Only the lines from the start of the data to the line containing "The North Face", both included, should be output, exactly and without pictures.

· · · · · · ·

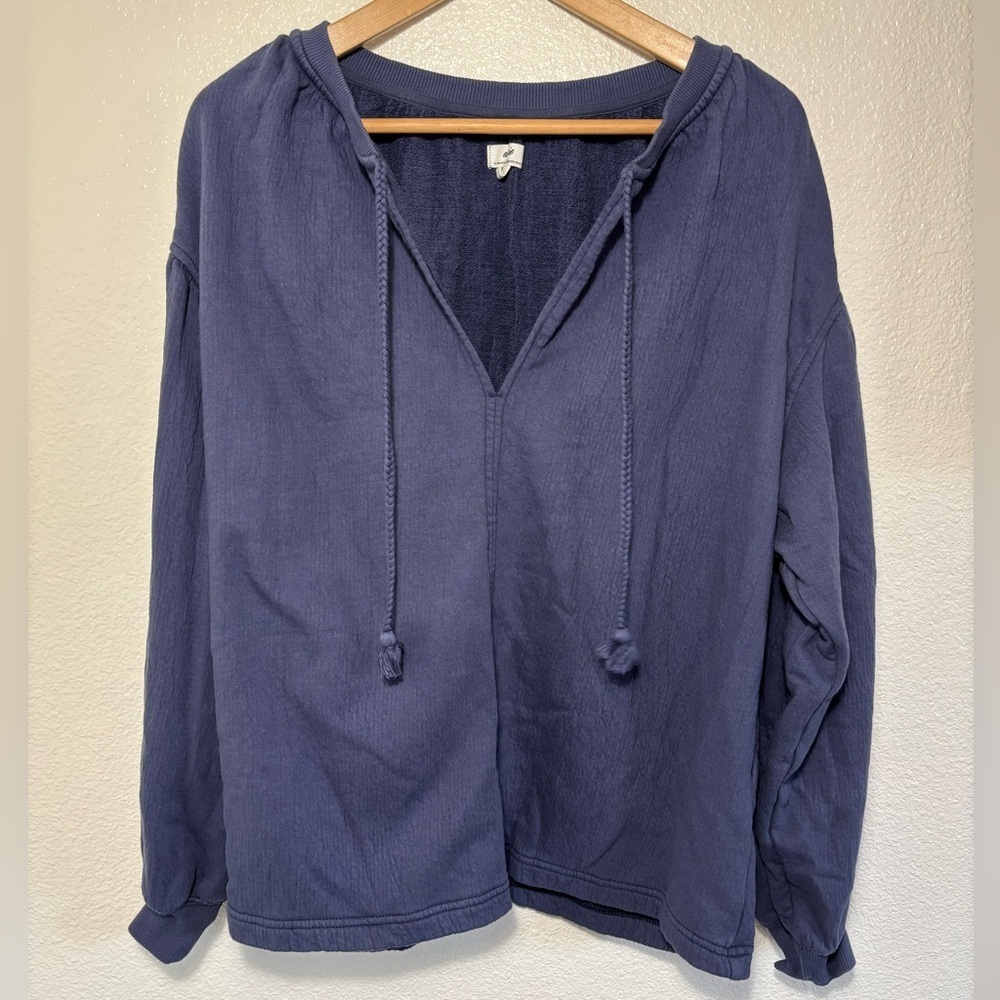 Aerie Easy Street Sweatshirt Washed Navy Size XS | relaxed fit | comfy | casual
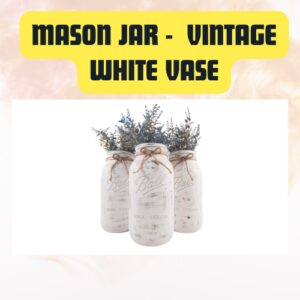 Mason Jar Vase Vintage...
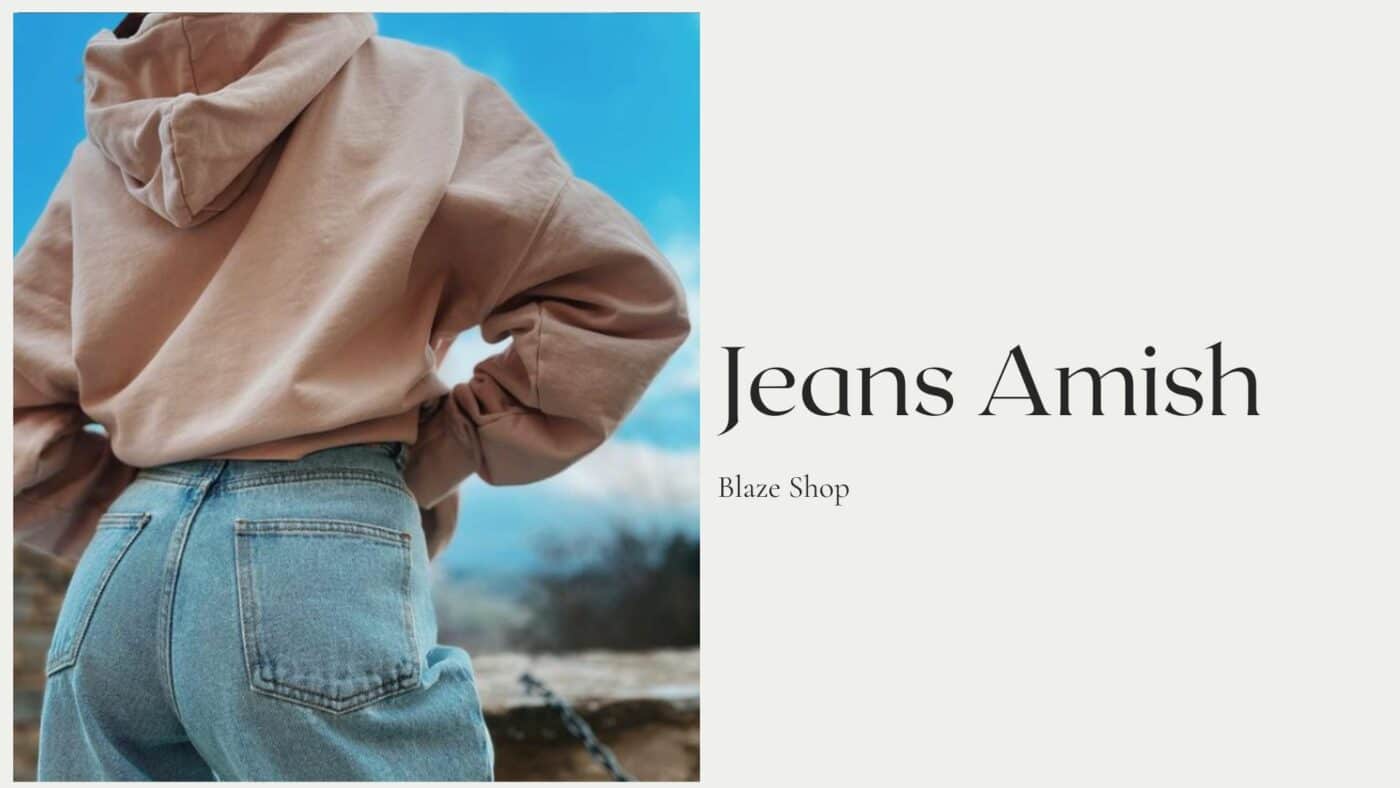jeans Amish comodi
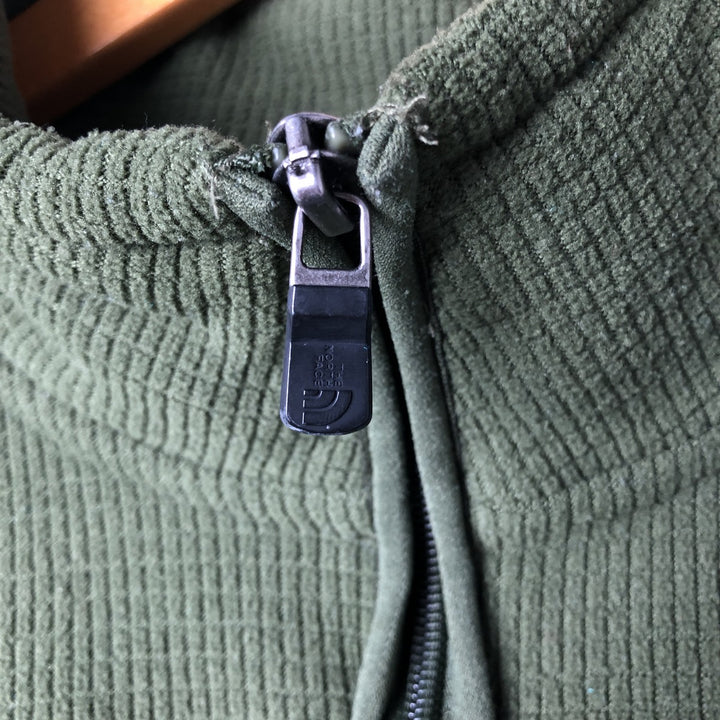 The North Face Half-Zip Fleece Pullover, Men's XL polyester Khaki type sage green Vintage Second Hand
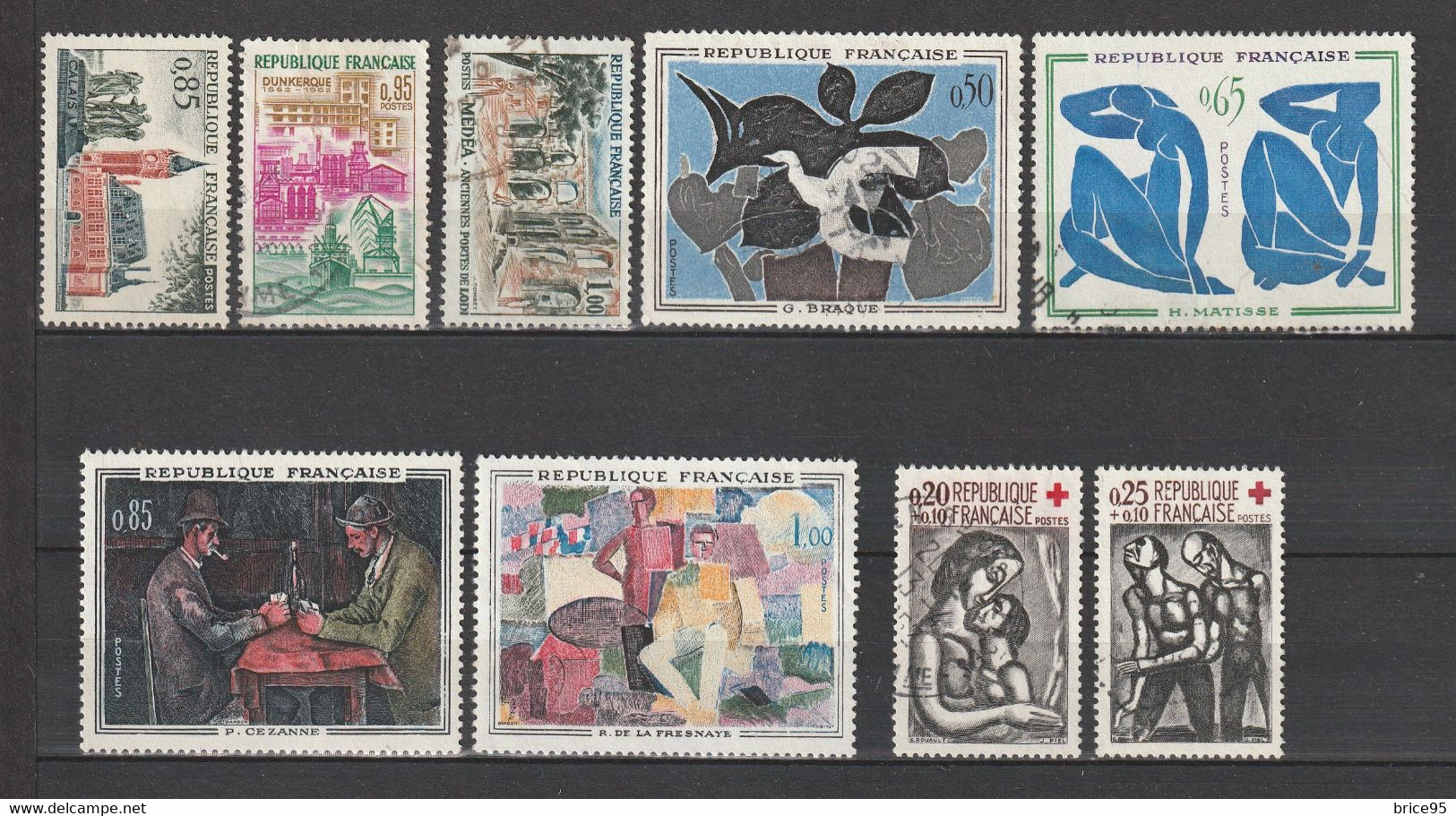 France - YT Nº 1281 à 1324 - Année Complète - Neuf Sans Et Avec Charnière Et Oblitéré - 1961 - 1960-1969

· · · · · · ·

## [YOUR SOLUTION]
 Aerie Easy Street Sweatshirt Washed Navy Size XS | relaxed fit | comfy | casual
 Mason Jar Vase Vintage...
jeans Amish comodi
 The North Face Half-Zip Fleece Pullover, Men's XL polyester Khaki type sage green Vintage Second Hand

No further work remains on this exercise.